> _ASSIGNMENT_
Return each line of the data below exactly, omitting any pictures.

Captioned web images:
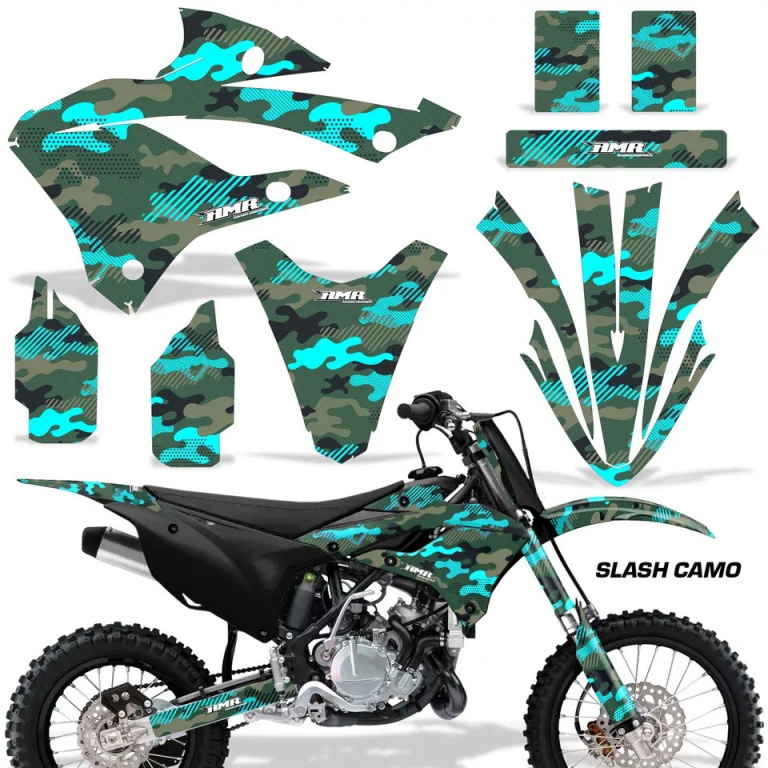 Slash Camo Teal Blue without number plates for Kawasaki KX85/112 2022-2024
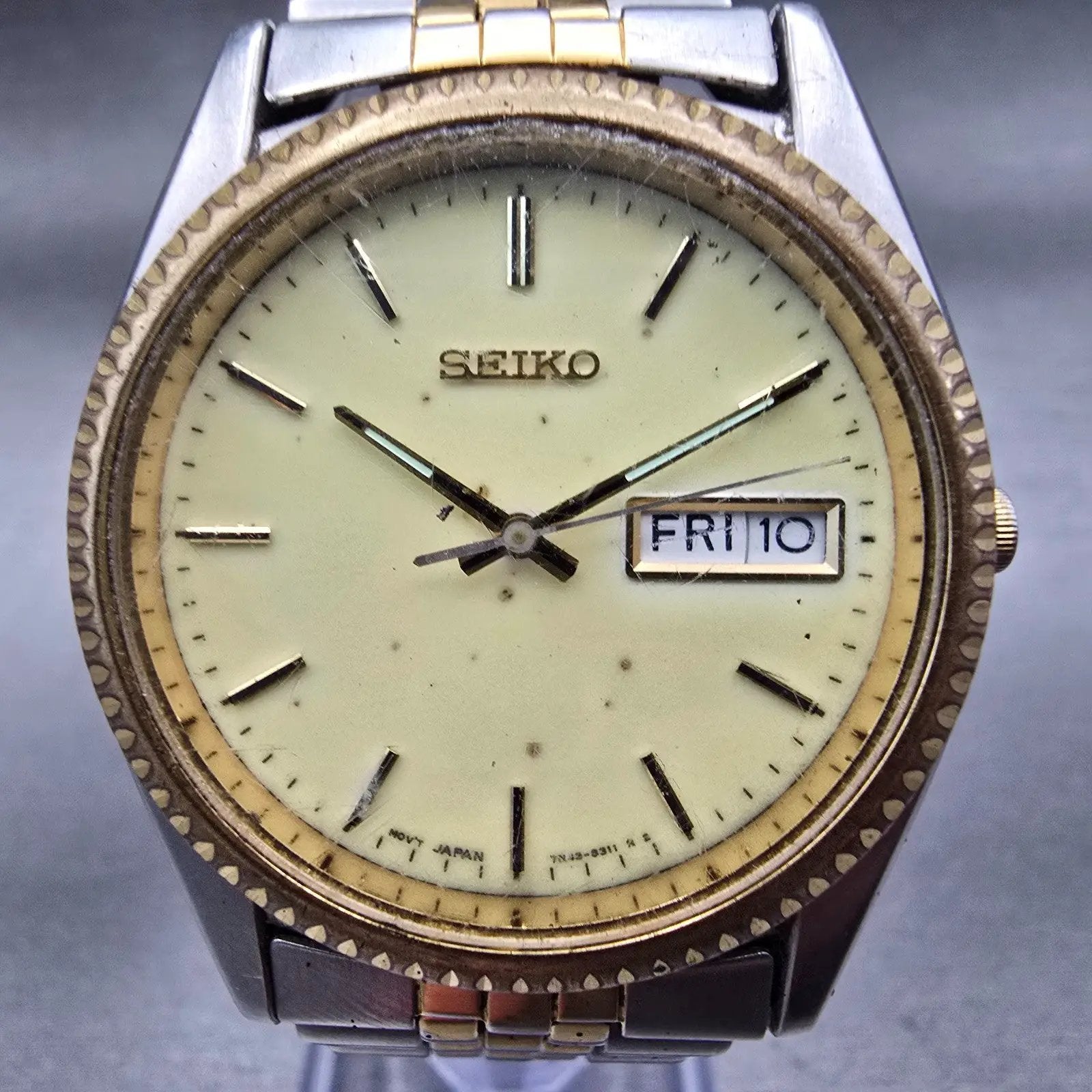 Seiko President Watch Men 36mm Luminous Dial Two Tone Daydate 7N43-8111 New Batt1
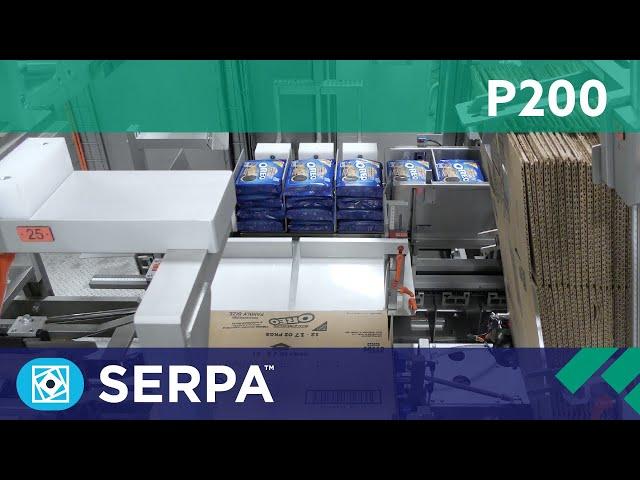 P200 Side Load Case Packer running packages of cookies — Serpa, a ProMach Brand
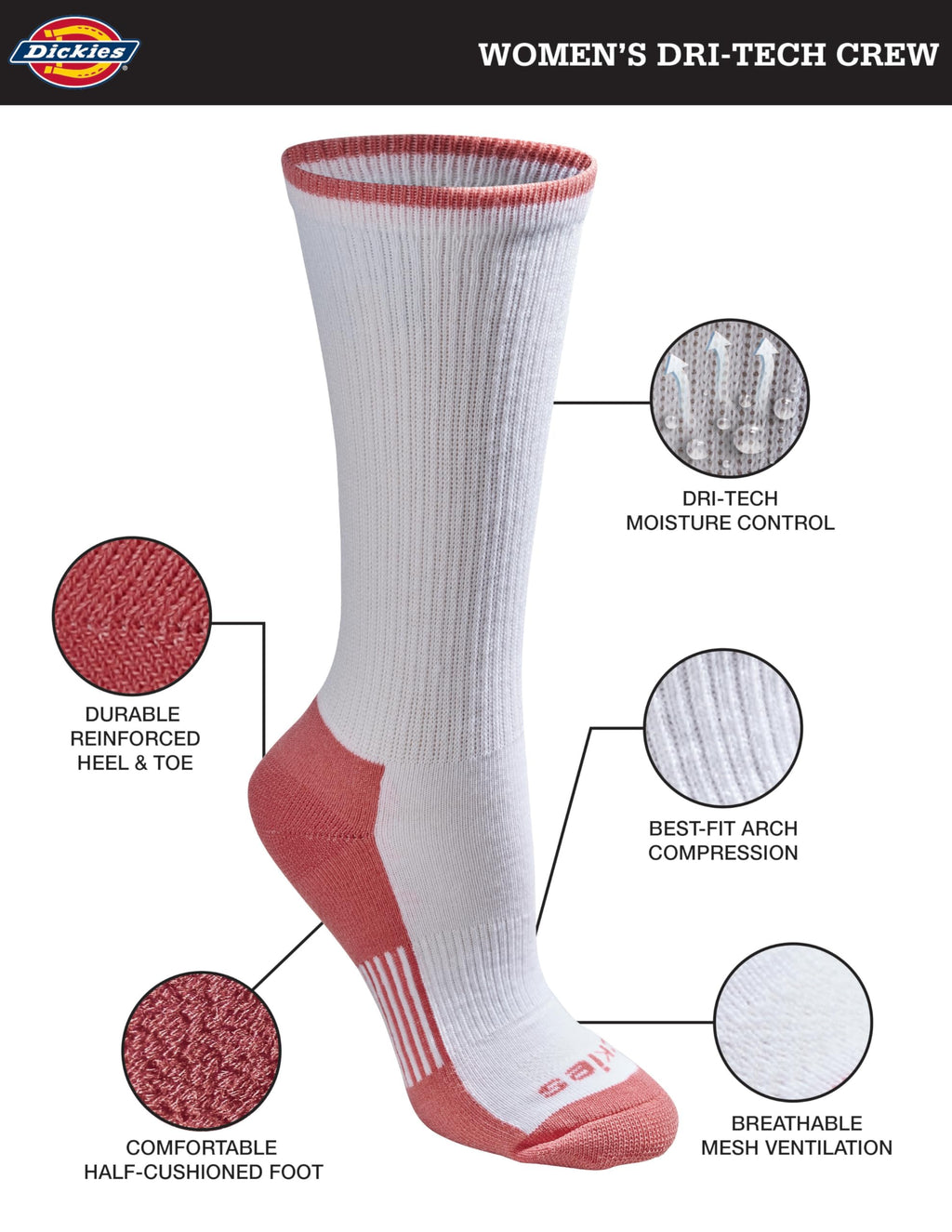 Dickies Women's Dri-Tech Essential Moisture Control Crew Socks, Available in S-XL (6, 12, White with Bluish (6 Pairs), Small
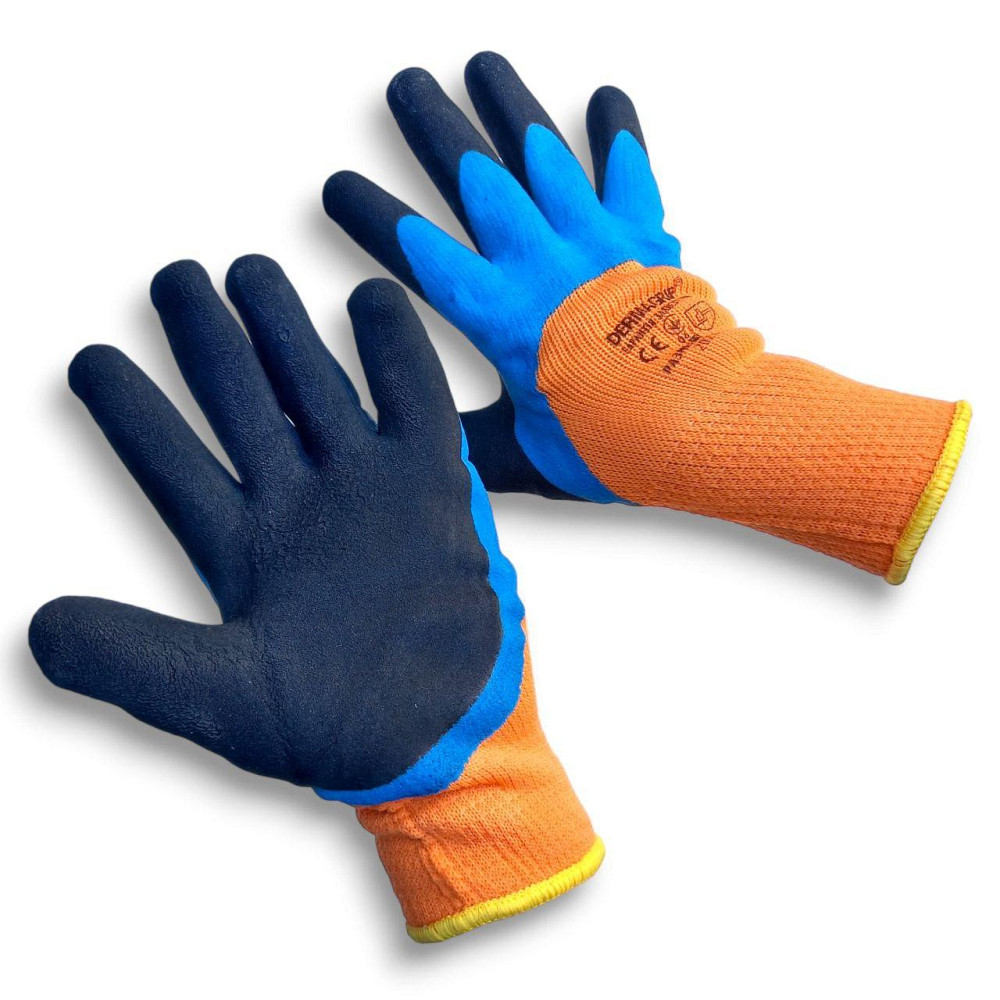Рукавички зимові робочі оранжево-сині з нітриловим покриттям пальців, утеплені, міцні Харків - фото 3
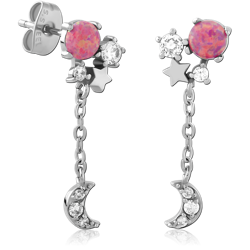 SURGICAL STEEL GRADE 316L JEWELED EAR STUDS PAIR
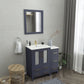 Vanity Art VA3024-36B 36 Inch Single Sink Bathroom Vanity in Blue with Ceramic Countertop - Vanity Art VA3024-36B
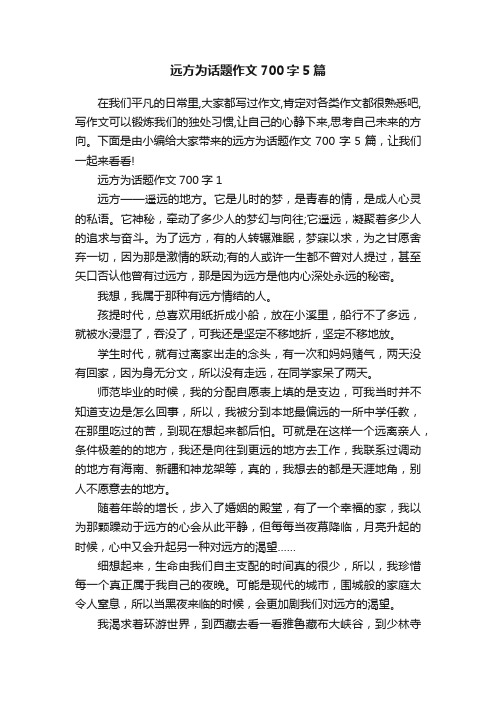 远方为话题作文700字5篇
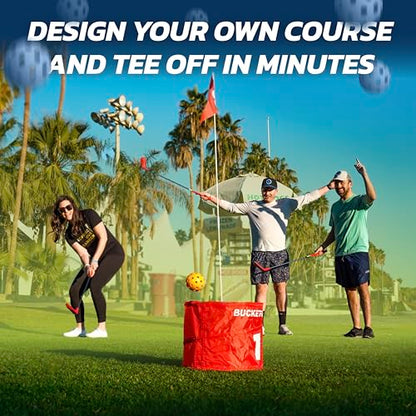 BUCKETGOLF Original Game 3-Hole Travel Set – #1 Backyard Golf Game for Adults. Ideal for Yard, Beach, Park, Camping, and Outdoor Fun - size: Without Clubs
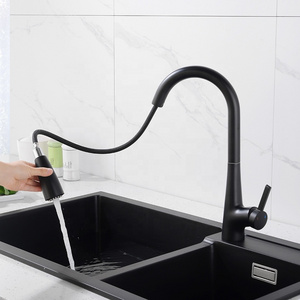 BSL-KF031 High Quality Brass Matte Black Hot And Cold Mixer Sink Pull Down Kitchen Water Faucet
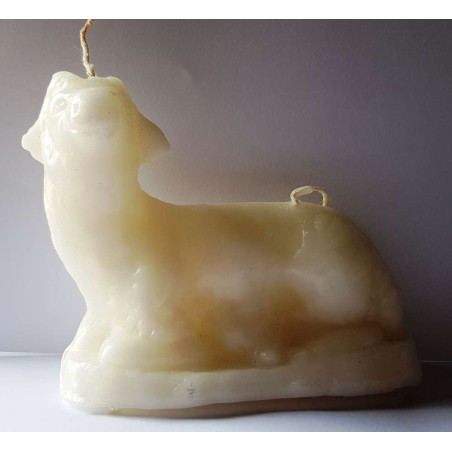 Wachsfigur Weißes Lamm, dominante zähmende Familie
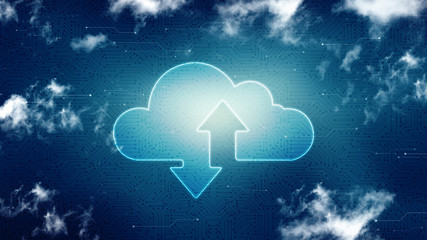 2d illustration Cloud with uploading downloading arrow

> _WRITTEN SOLUTION_
 Slash Camo Teal Blue without number plates for Kawasaki KX85/112 2022-2024
 Seiko President Watch Men 36mm Luminous Dial Two Tone Daydate 7N43-8111 New Batt1
 P200 Side Load Case Packer running packages of cookies — Serpa, a ProMach Brand
 Dickies Women's Dri-Tech Essential Moisture Control Crew Socks, Available in S-XL (6, 12, White with Bluish (6 Pairs), Small
Рукавички зимові робочі оранжево-сині з нітриловим покриттям пальців, утеплені, міцні Харків - фото 3
 SURGICAL STEEL GRADE 316L JEWELED EAR STUDS PAIR
 Vanity Art VA3024-36B 36 Inch Single Sink Bathroom Vanity in Blue with Ceramic Countertop - Vanity Art VA3024-36B
 远方为话题作文700字5篇
 BUCKETGOLF Original Game 3-Hole Travel Set – #1 Backyard Golf Game for Adults. Ideal for Yard, Beach, Park, Camping, and Outdoor Fun - size: Without Clubs
 BSL-KF031 High Quality Brass Matte Black Hot And Cold Mixer Sink Pull Down Kitchen Water Faucet
 Wachsfigur Weißes Lamm, dominante zähmende Familie
 2d illustration Cloud with uploading downloading arrow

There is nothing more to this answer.